No problem, you can still go do that now.
….What, still not going? You’re only hurting yourself, you know.
So you’re probably wondering why I seem so insistent that you check this one out. Well, it is excellent in many ways. The art is good, the story is fantastic, and the characters are…well. You know the usual moral relativism, grey vs. grey morality, right? Basically, everyone has a dark side, no one is pure, that sort of thing? That is very much not in evidence in Digger; instead, if I were to say that everyone is a good person, I would be exaggerating only slightly. Every character has reasons for their actions and stances, and though some parties are more reasonable than others, there is almost no malice between characters. Which is not to say there isn’t conflict; there is a lot of conflict, but it is almost always generated from the clash of different cultures and worldviews, and once common ground is found the characters get along reasonably well. (There is, of course, one major exception, behind the majority of the plot. But the narrative to reach that point is so well constructed, I would never dream of spoiling it for you.)
The story revolves around the eponymous Digger, a strong, intelligent, female wombat with an above average grasp of common sense. She loses her way while digging a tunnel under ground, falling prey to one of the many dangers to be found underground (hallucinogenic gas, in case you were wondering). Surfacing, she finds herself in an unknown land, within a temple of Ganesha. Although she wants to get back to her home warren, her compassion and common sense lead her to connect with the people she meets, and her efforts toward finding her home are continually sidetracked as she deals with humans, hyenas, magic, gods, and an unusual shadow child who follows her around.
I cannot praise this main character enough; I barely know where to start. Digger is a wonderful hero. She is strong, but without relying on force she attempts to solve problems by talking them through. She is very practical, but also kind and compassionate.
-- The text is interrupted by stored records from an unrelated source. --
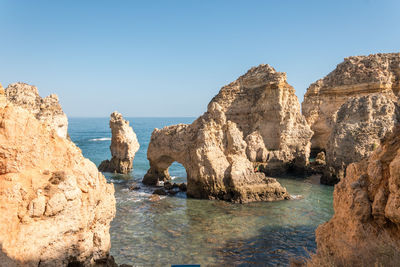 Panoramic view of sea against clear blue sky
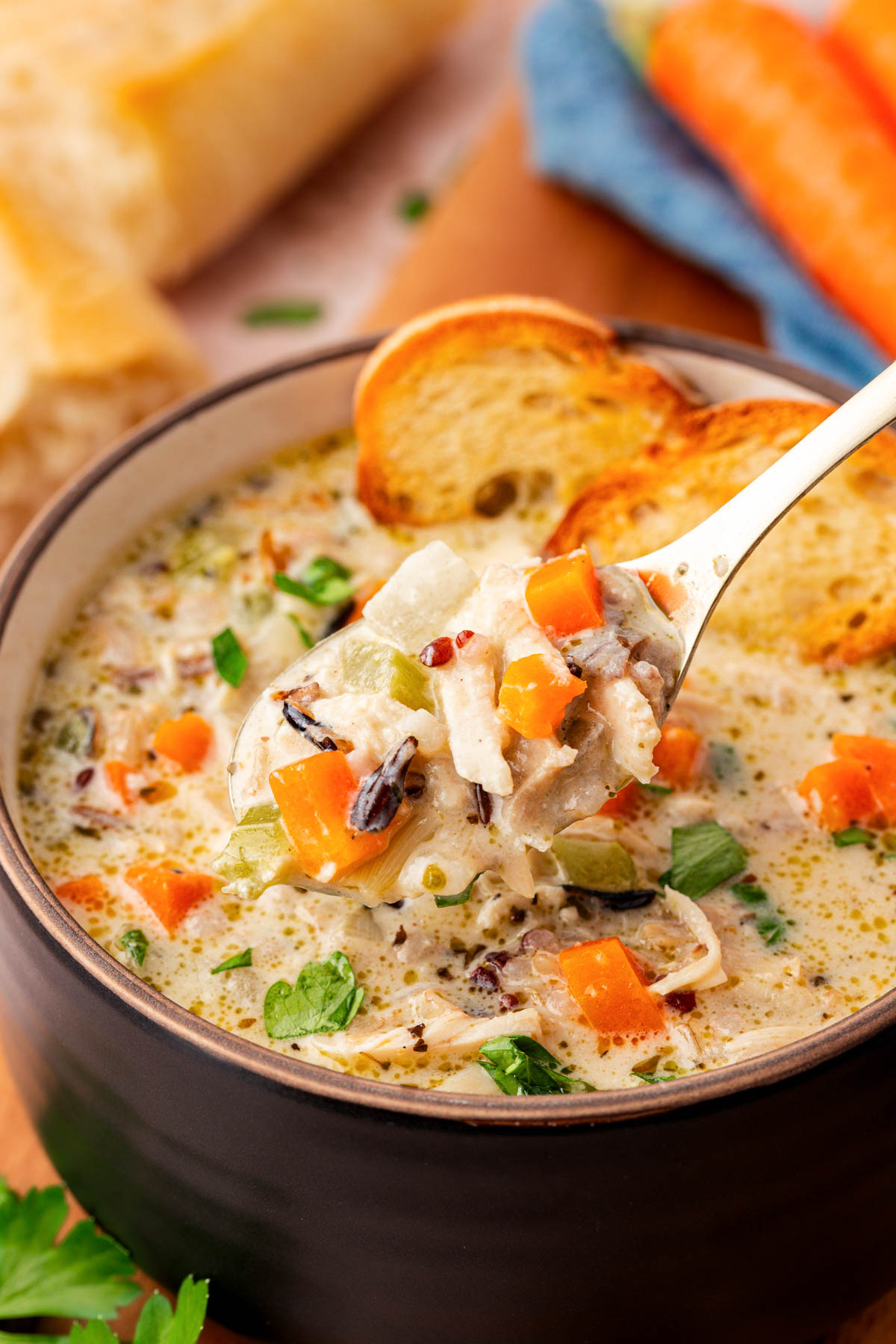 A spoonful of chicken and wild rice soup being lifted from a bowl.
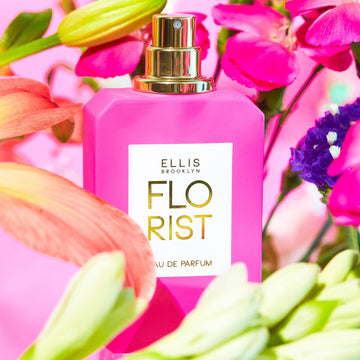 Florist 50 ml Eau de Parfum sur un fond rose entouré de fleurs roses, vertes, jaunes, orange et violettes.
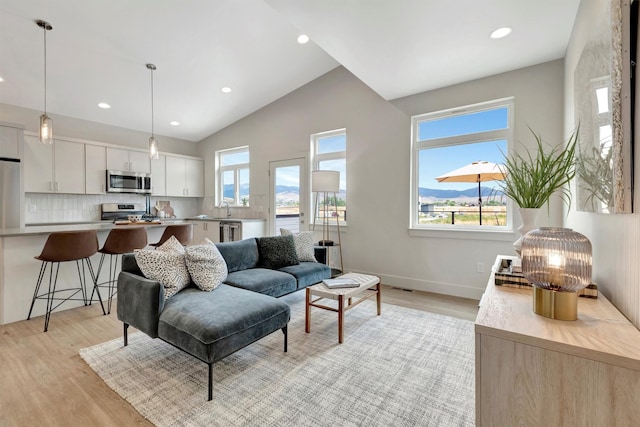 living room featuring lofted ceiling, sink, and light hardwood / wood-style floors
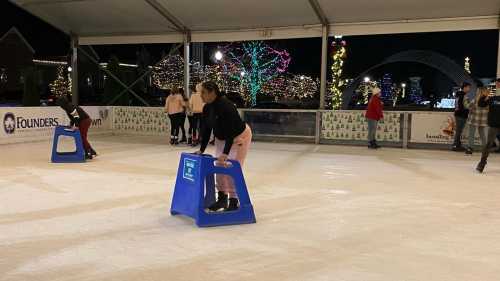 A group of people ice skating at night, using blue skating aids on a rink decorated with colorful lights.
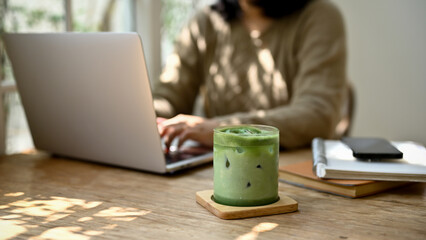 A glass of iced matcha green tea on a wooden table with a female sitting behind.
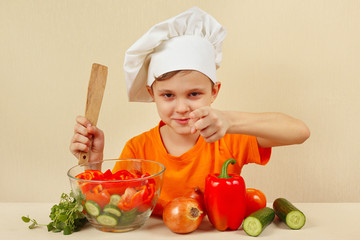 Young smiling chef shows how to cook a vegetable salad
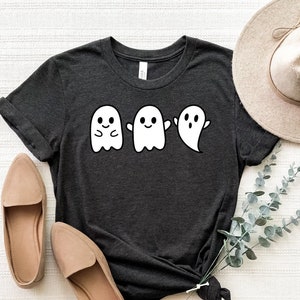 May include: A dark gray t-shirt with a graphic of four white ghosts. The ghosts have different expressions, including a smiling ghost, a ghost with its arms crossed, and a ghost with its mouth open.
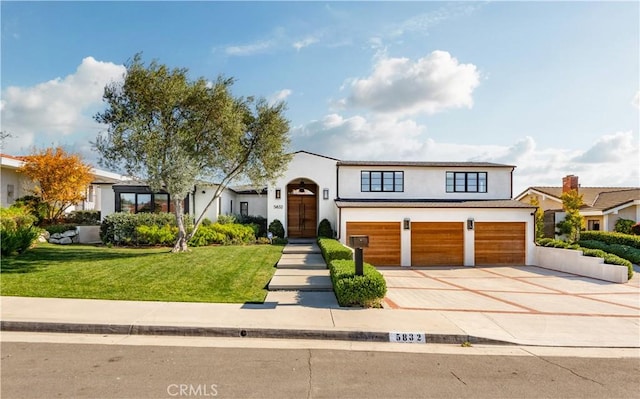 view of front of house featuring a garage and a front lawn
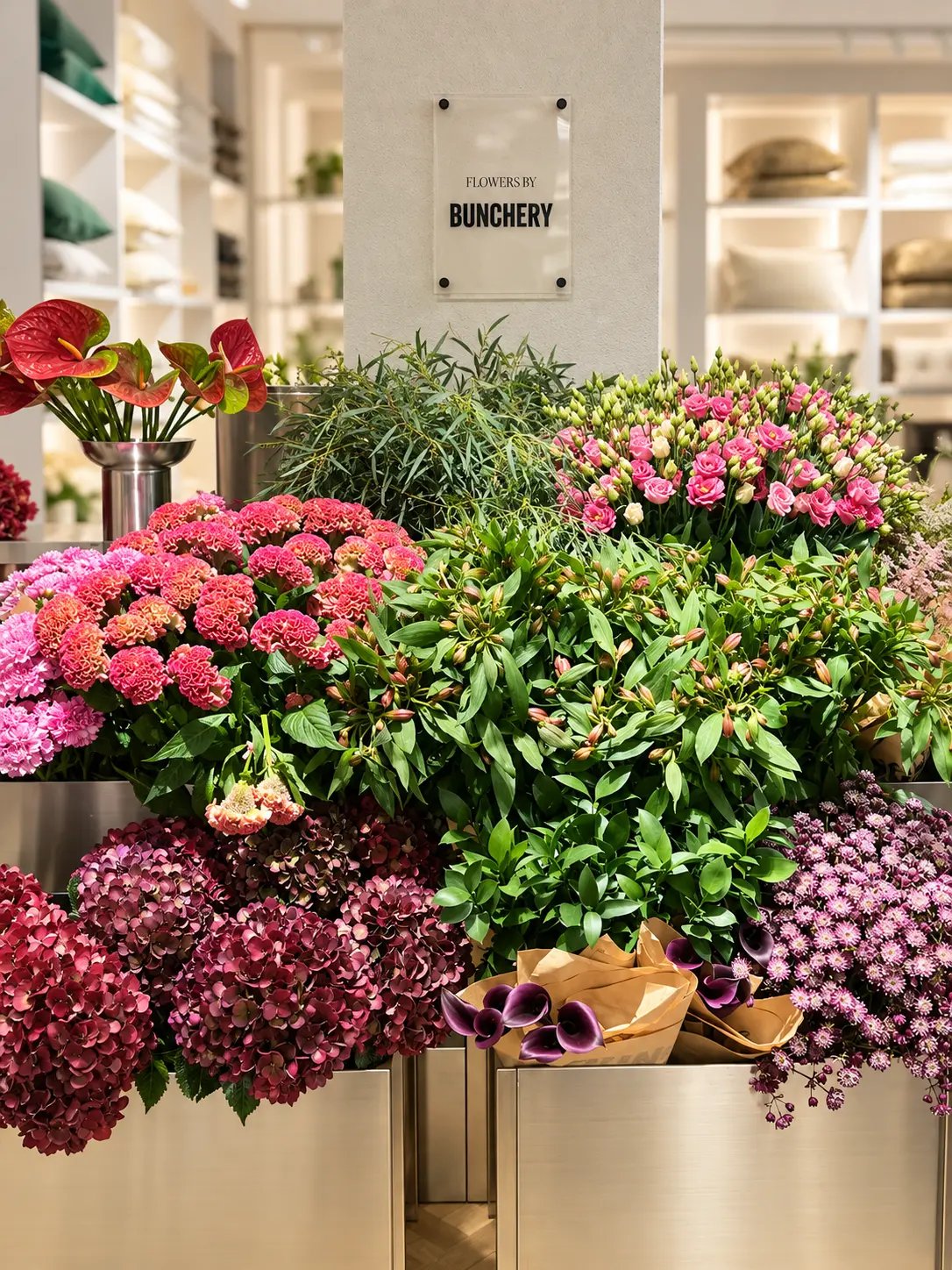 Floristdelen Flowers by Bunchery med metallkärl fulla av snittblommor i H&M HOME:s butik.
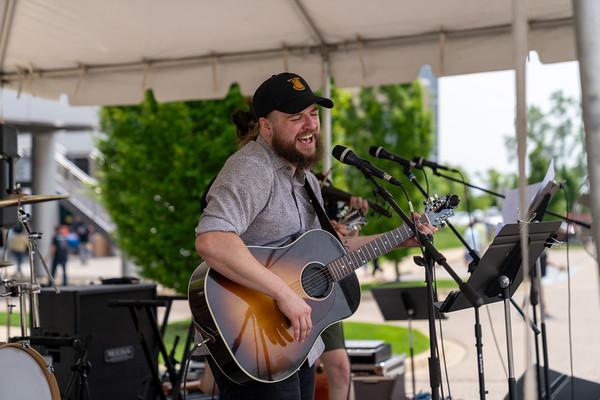  A person playing an acoustic guitar on stage.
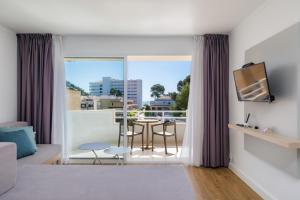 a living room with a view of a table and a balcony at Apartament Massanet 2c in Canyamel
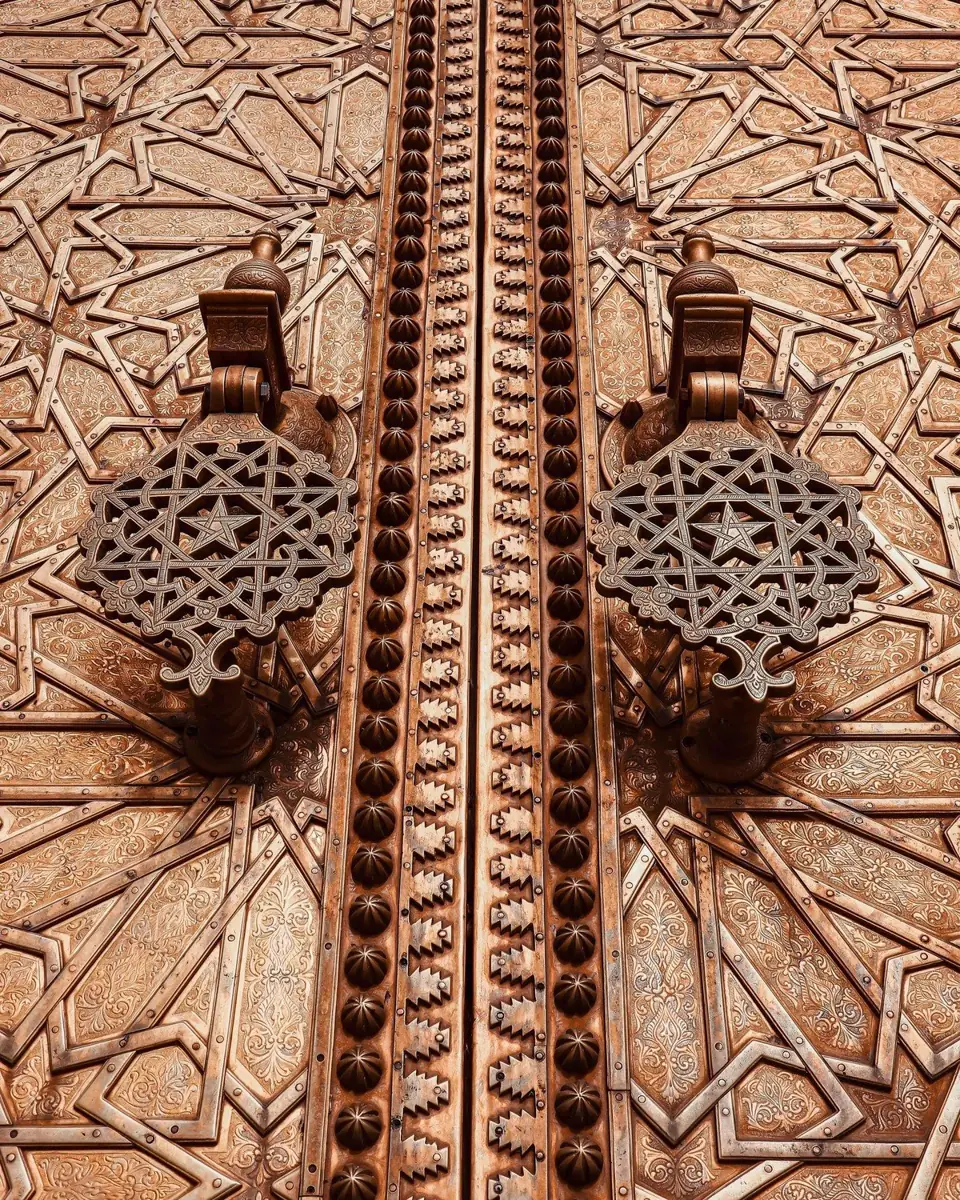 Detail of hand-cast brass door knockers with star motifs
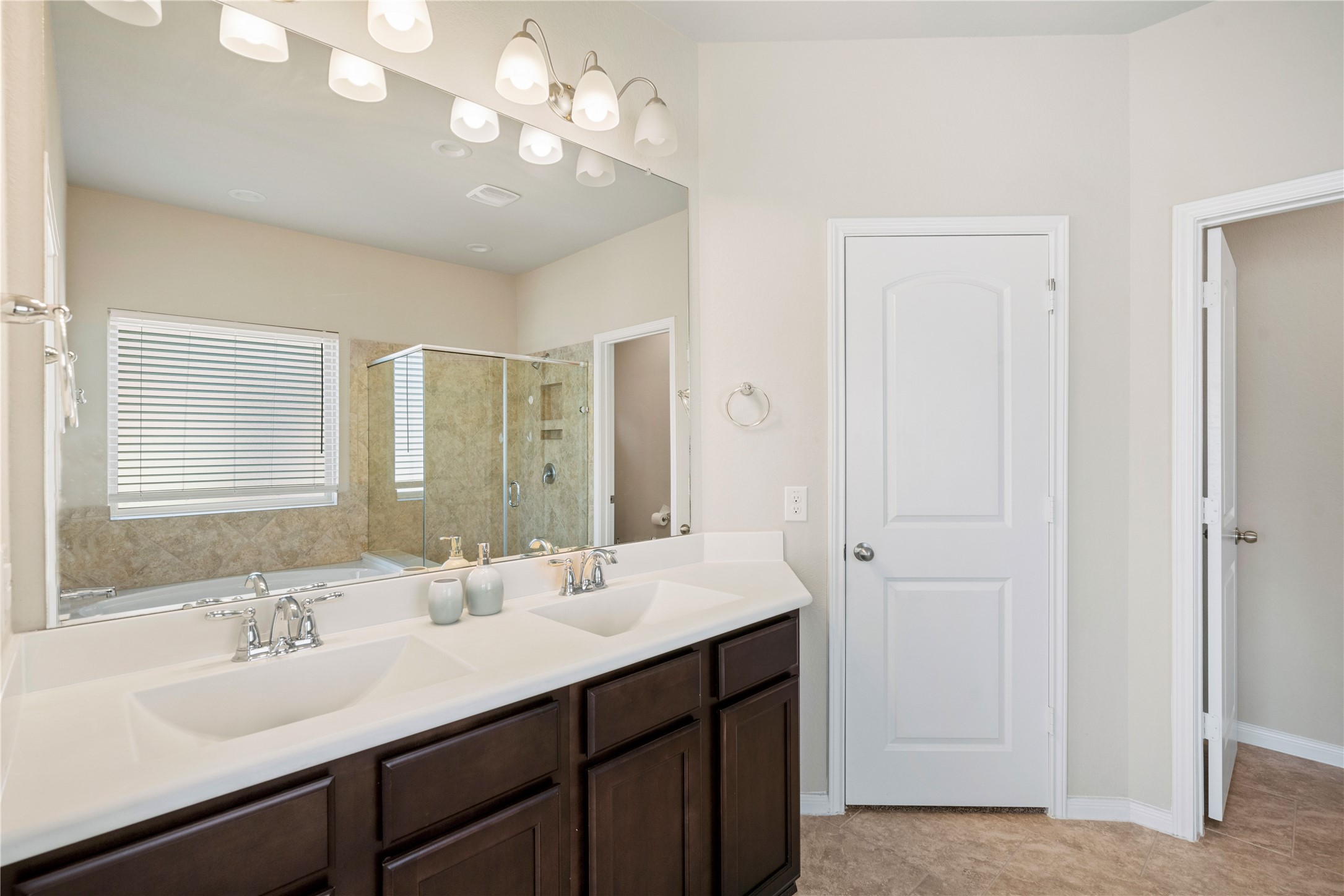 14300 Congaree Court Conroe, TX 77384 - Photo 19 of 31 a bathroom with a sink double vanity and a mirror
She is focused on her goal, but not to the point of monomania; I mention it because one of the major ‘antagonists’ is such because of his profound tunnel vision. Above all, she admits her limitations, but tries to resolve her self-imposed responsibilities in spite of how outside her comfort zone they are. She is a wonderful person despite, or perhaps due to, being a talking wombat.
All the other characters have similar depth, but I would just like to mention Ed. Ed is an exiled hyena creature, and he is the single most understanding, peaceful, friendly, wise character in the entire comic. He is introduced trying to eat Digger, an action she later admits was rather reasonable under the circumstances. That’s the kind of story this is, a study in seeing the other person’s point of view. Classy.
Let me turn away from Digger for a moment to speak about its creator, Ursula Vernon. You may have noticed that I don’t like to say a lot about the writer in these articles, because I’d rather focus on their writings; but let me just say that Ursula Vernon is someone I would very much like to meet someday. Setting that aside, she writes children’s’ books, none of which I have read. However, under the pen name T. Kingfisher she has written some adult novellas, which are excellent. She has written a couple of classic storytale variants: Bryony And Roses, for example, is a very interesting variant of the ‘Beauty and the Beast’ story; The Seventh Bride has echoes of “Bluebeard” within. But the one I find most interesting is Nine Goblins.
In a way, it sounds like a parody: a war between the ‘good’ races (i.e. humans and elves) and the ‘evil’ goblins, except told from the point of view of the bad guys. And it does read a bit like that, especially in the beginning. But as it goes on, it becomes obvious that the goblins are actually rather upright people, just not very competent; that’s not to say that the humans etc. are actually bad, just not any better than the goblins. Sort of. And ignoring the presence of Sings-to-trees, magical beast veterinarian, who could be qualified for sainthood. But as the novel progresses, the humorous elements start to be downplayed and things get rather dark…
Well. Guess that’s that. Setting aside the lateness, a new chapter of A Game of Thrones will be up on Wednesday, so look forward to that, I guess. ‘Night.